■ **DATA EXTRACTS**:

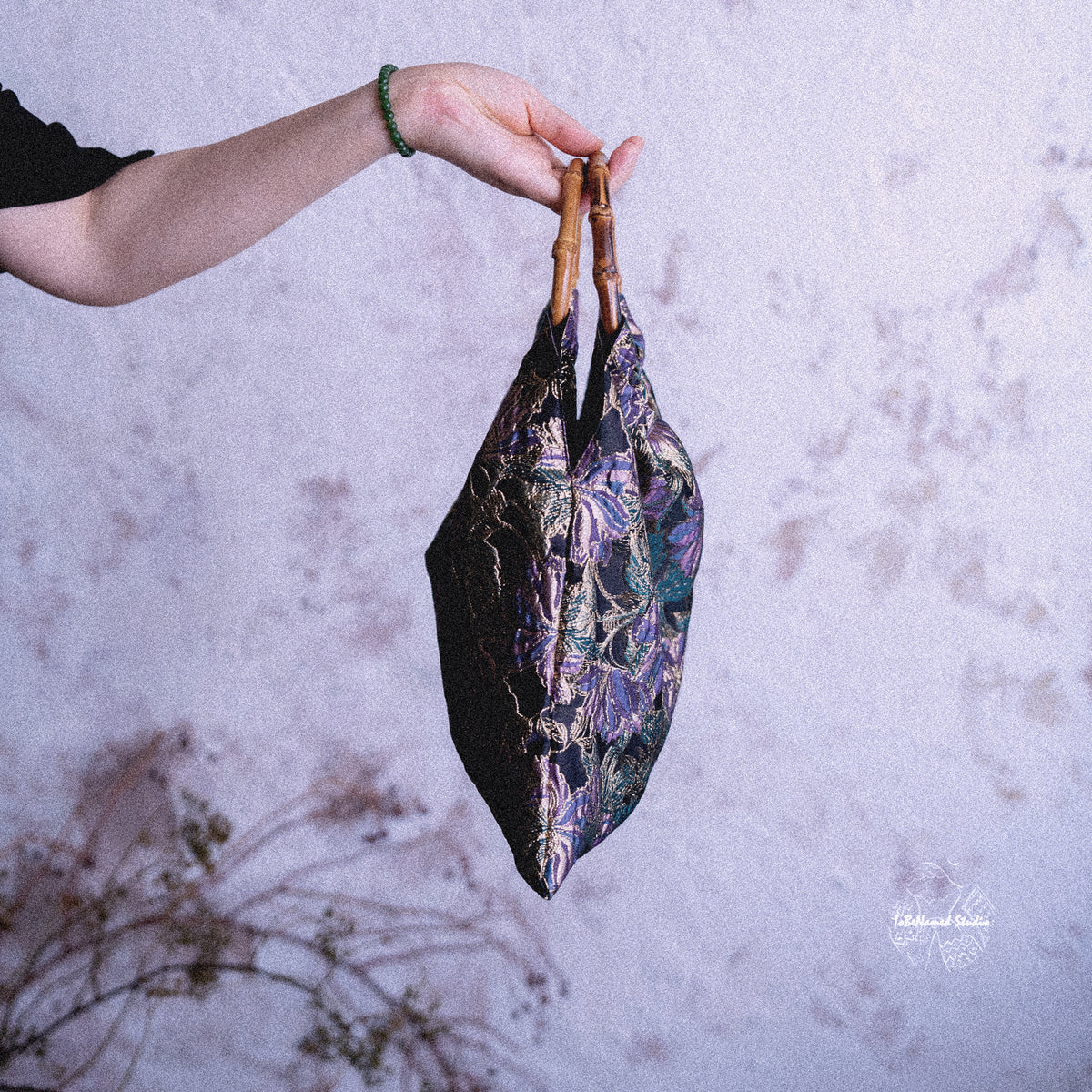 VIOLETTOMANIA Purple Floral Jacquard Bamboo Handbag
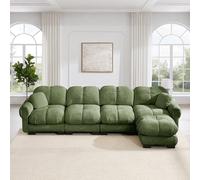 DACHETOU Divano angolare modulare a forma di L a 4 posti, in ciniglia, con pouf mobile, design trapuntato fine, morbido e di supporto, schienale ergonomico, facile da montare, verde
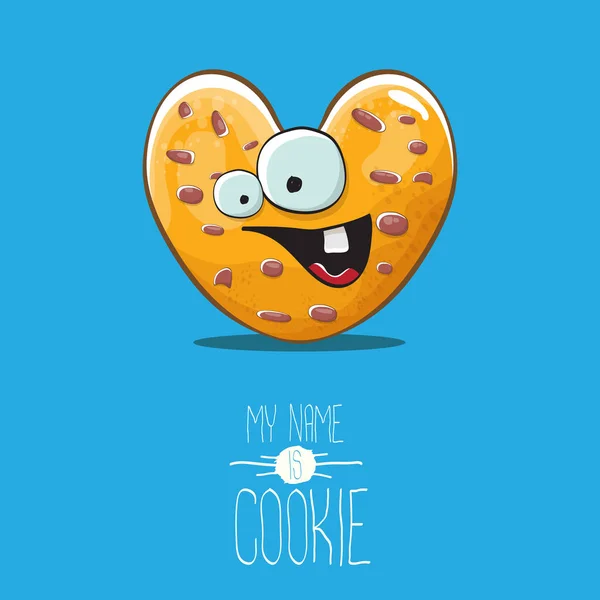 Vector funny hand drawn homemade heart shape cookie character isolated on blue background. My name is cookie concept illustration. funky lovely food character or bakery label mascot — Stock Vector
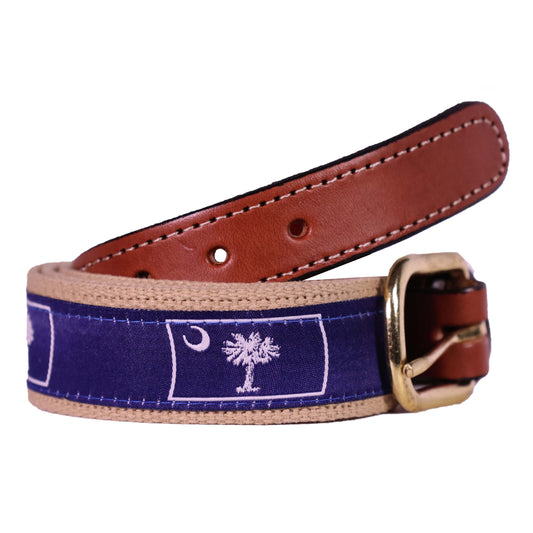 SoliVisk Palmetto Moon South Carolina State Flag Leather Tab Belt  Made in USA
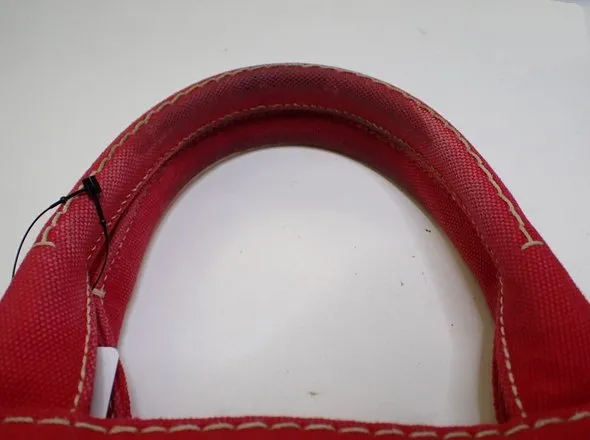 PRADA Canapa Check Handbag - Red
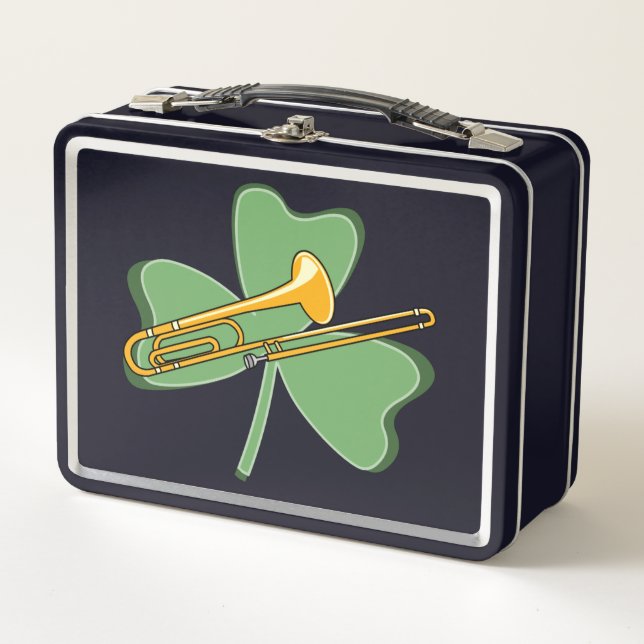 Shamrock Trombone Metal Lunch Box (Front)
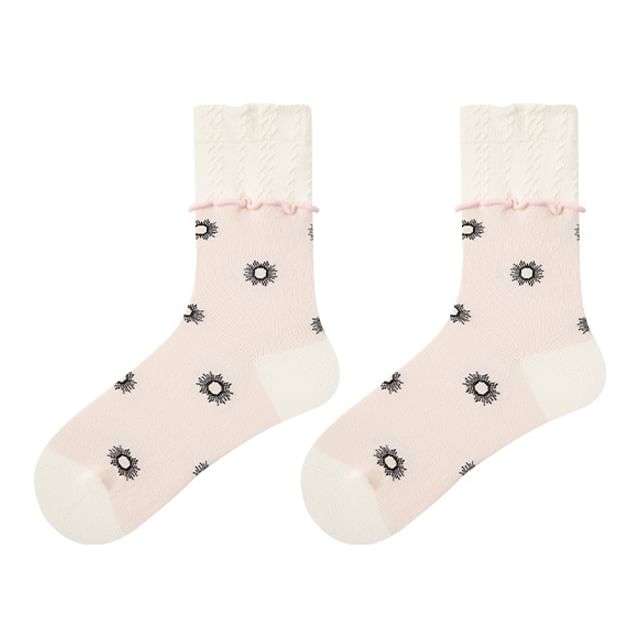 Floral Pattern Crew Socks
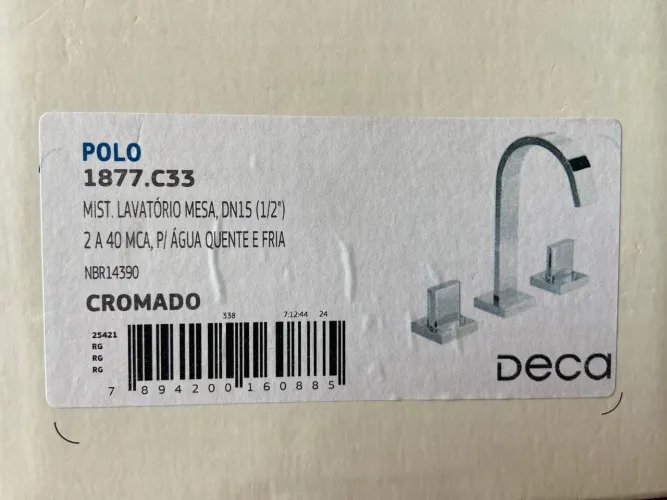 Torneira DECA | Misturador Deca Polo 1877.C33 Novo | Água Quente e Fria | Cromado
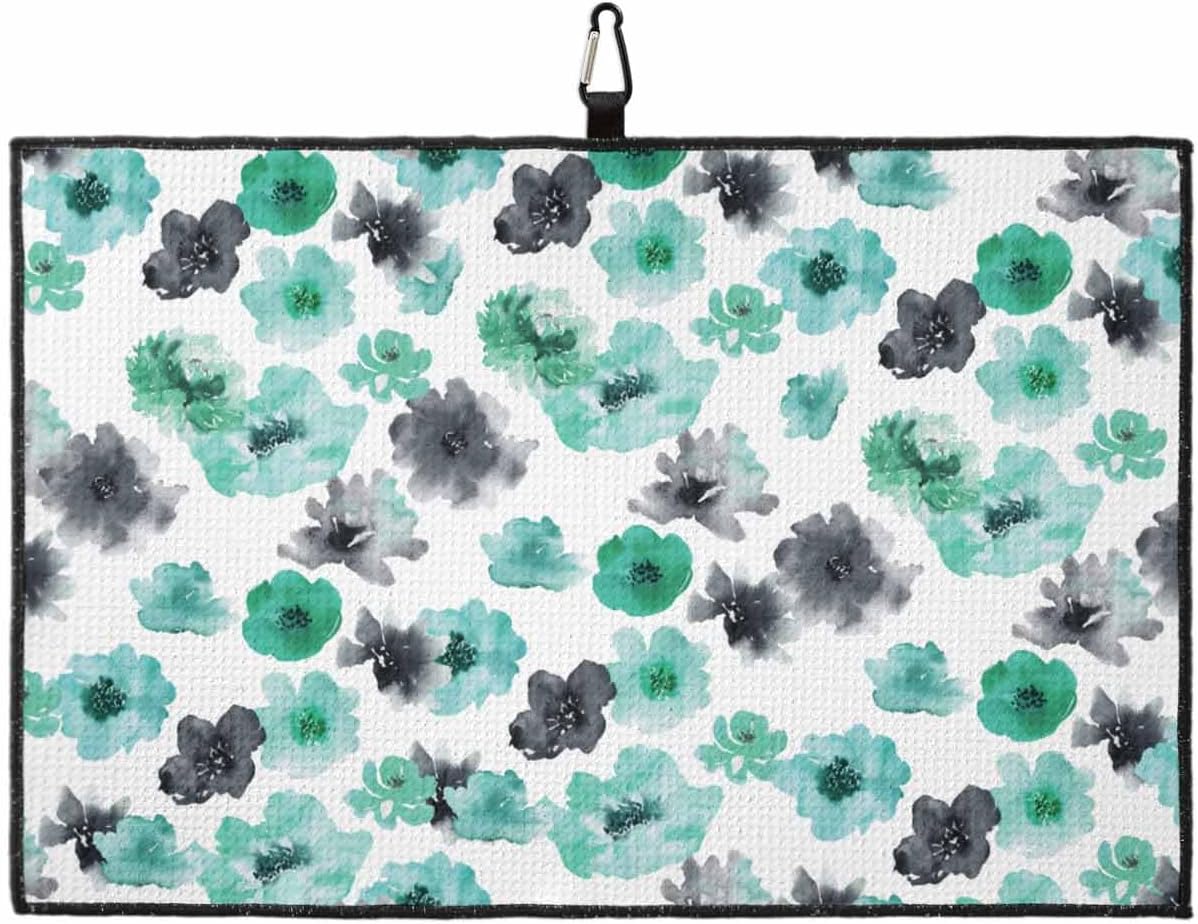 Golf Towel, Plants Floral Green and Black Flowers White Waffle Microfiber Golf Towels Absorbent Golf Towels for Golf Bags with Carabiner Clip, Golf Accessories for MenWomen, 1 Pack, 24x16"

■ **REQUIRED ACTION**:
In the copy, omit the pictures and reproduce every entry exactly.

■ **RESULT OF THE TASK**:
 VIOLETTOMANIA Purple Floral Jacquard Bamboo Handbag
 DACHETOU Divano angolare modulare a forma di L a 4 posti, in ciniglia, con pouf mobile, design trapuntato fine, morbido e di supporto, schienale ergonomico, facile da montare, verde
 Vector funny hand drawn homemade heart shape cookie character isolated on blue background. My name is cookie concept illustration. funky lovely food character or bakery label mascot — Stock Vector
 SoliVisk Palmetto Moon South Carolina State Flag Leather Tab Belt  Made in USA
 PRADA Canapa Check Handbag - Red
 Shamrock Trombone Metal Lunch Box (Front)
 Floral Pattern Crew Socks
 Torneira DECA | Misturador Deca Polo 1877.C33 Novo | Água Quente e Fria | Cromado
 Golf Towel, Plants Floral Green and Black Flowers White Waffle Microfiber Golf Towels Absorbent Golf Towels for Golf Bags with Carabiner Clip, Golf Accessories for MenWomen, 1 Pack, 24x16"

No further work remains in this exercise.